I think this is something that my generation misses. It is so easy for us to pick up a cell phone and call someone or to hold conversations instantly with a dozen people at once over the internet, that we miss the anticipation of waiting for a letter to come, lose a sense of the concentration and sheer amount of time it takes to craft a missive for someone else. I have gained a sense of this with the e-mail dialogues I hold now, but I also remember writing love letters to girlfriends as a kid sequestered away in the Adirondacks for summers at a time, beyond the reach of telephones or the internet.

There is a certain amount of respect and humility that comes in taking the time to hand-write a personal letter. It says, "I am willing to dedicate this amount of precious time to you, during which I will not do anything else." I'm not sure if that is always respected by my generation as much as it should be. I know that I, at least, have been guilty of underestimating it in the past.
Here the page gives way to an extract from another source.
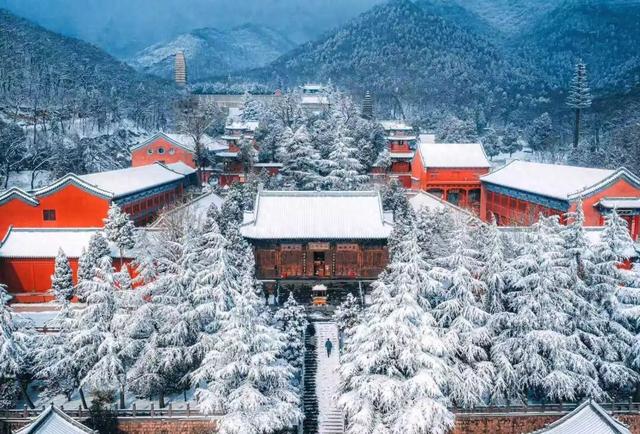 河南下雪冲上热搜！解锁各地冰雕玉砌的浪漫密码……速戳绝美现场→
Perhaps if I had taken the time to write letters during one long-distance relationship I had that wound up failing spectacularly, rather than relying on cell phones and instant messages, things would have turned out differently.

So in the future I shall write more letters, and furthermore I am resolved, once I am famous enough that people want to write me (ha!), to take the time to answer every hand-written letter that arrives to me in kind, even if it is not convenient, and to always be available for a rational discussion of just about anything with an interested party via mail. I would encourage others, writers or no, to do the same.